The receiving structure 1006 includes a back plate 1050' of ferromagnetic
material mounted
to the hood 1016 and behind the stationary part 1028. In this way, the coil
assembly 1044 is
between the plurality of magnets 1042 and the back plate 1050'. During use,
the first guide
rollers 1024 of the door carriage 1020 are maintained against the hood 1016
via a magnetic
attraction (see force F3) between the plurality of magnets 1042 and the back
plate 1050' of
ferromagnetic material. In some embodiments, the magnetic attraction can
sustain a weight
of 400 Lbs. Additionally, the receiving structure 1006 can have a rail 1008
extending away
from a side 1014 of the wall 1012 in direction of the door carriage 1020. The
rail 1008 can
provide support to at least some of the first guide rollers 1014 in case the
magnetic attraction
is overcome by a greater force in opposite direction.

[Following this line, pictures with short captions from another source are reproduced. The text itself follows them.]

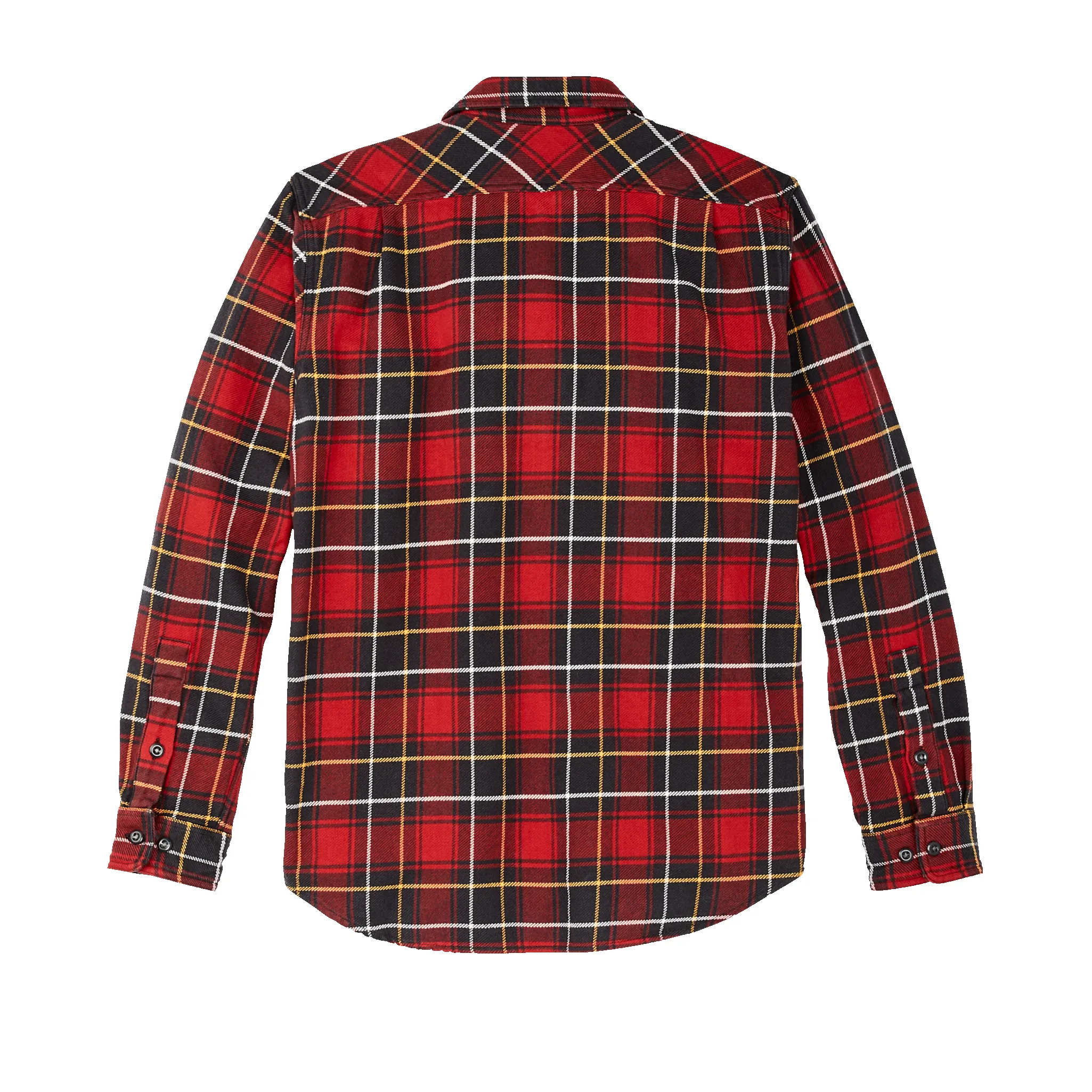 Vintage Flannel Work Shirt - Red Charcoal Plaid sold by Filson product image thumbnail 2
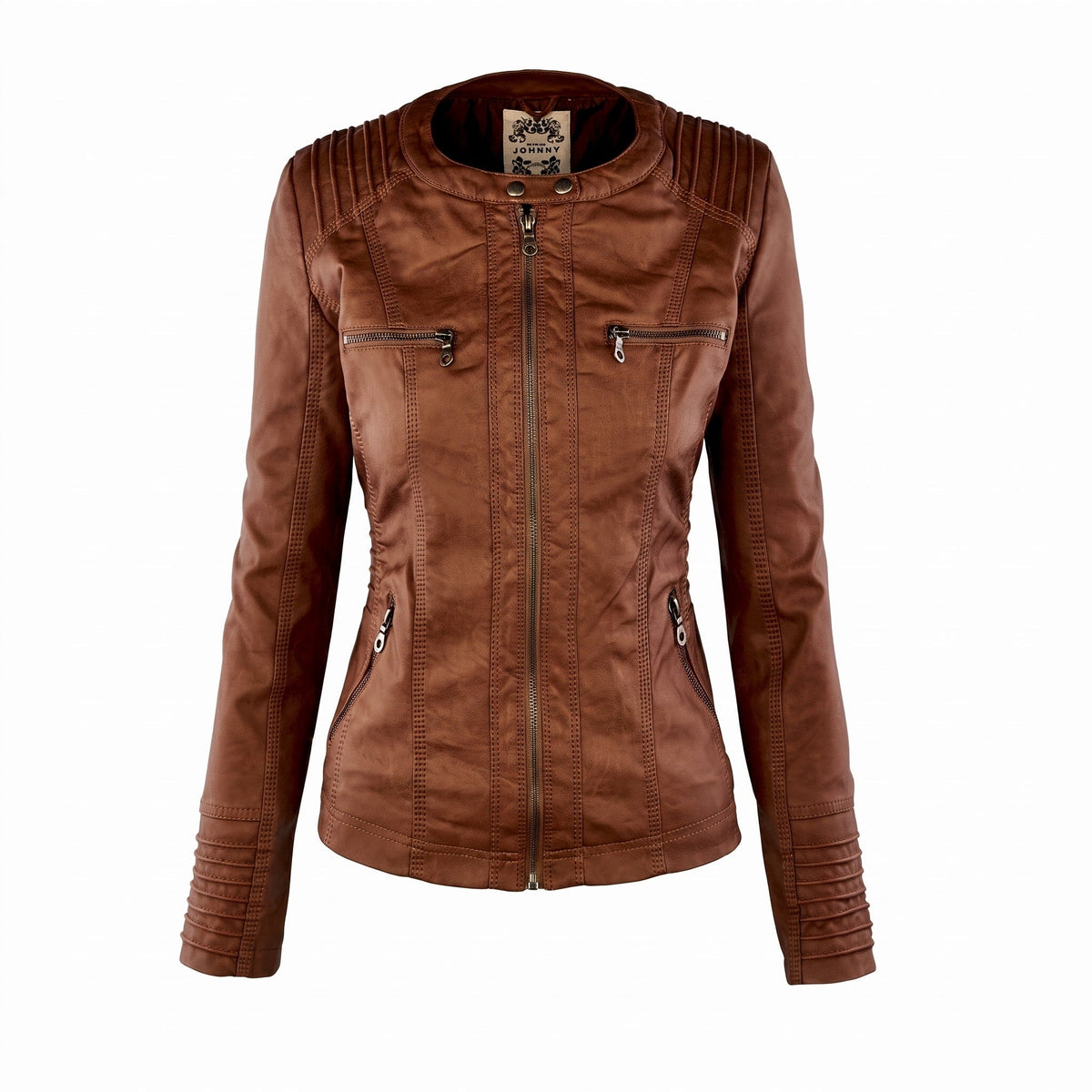 Women's Biker Jacket | Detachable Hood & Zip Pockets
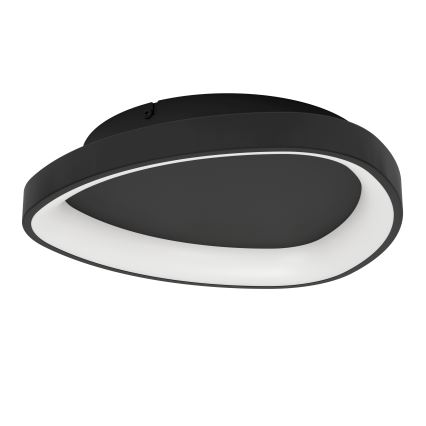 Eglo - LED Zatemnitvena stropna svetilka LED/12W/230V 2700-6500K črna + Daljinski upravljalnik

[0072] As can be understood, the examples described above and illustrated are
intended
to be exemplary only. For instance, the door actuator can be used in vehicles
(e.g. transit
vehicles) and in buildings. In another embodiment, the receiving structure is
made of a
plurality of parts assembled to one another. The receiving structure can have
at least one
open end adapted for receiving the door carriage. In an alternate embodiment,
each door
actuator has its own power supply and its own controller. As it will be
understood, when two
elements are said to be mounted to one another, it is meant to encompass, for
instance, two
elements being fastened to one another or alternatively two elements being
made integral to
one another. The scope is indicated by the appended claims.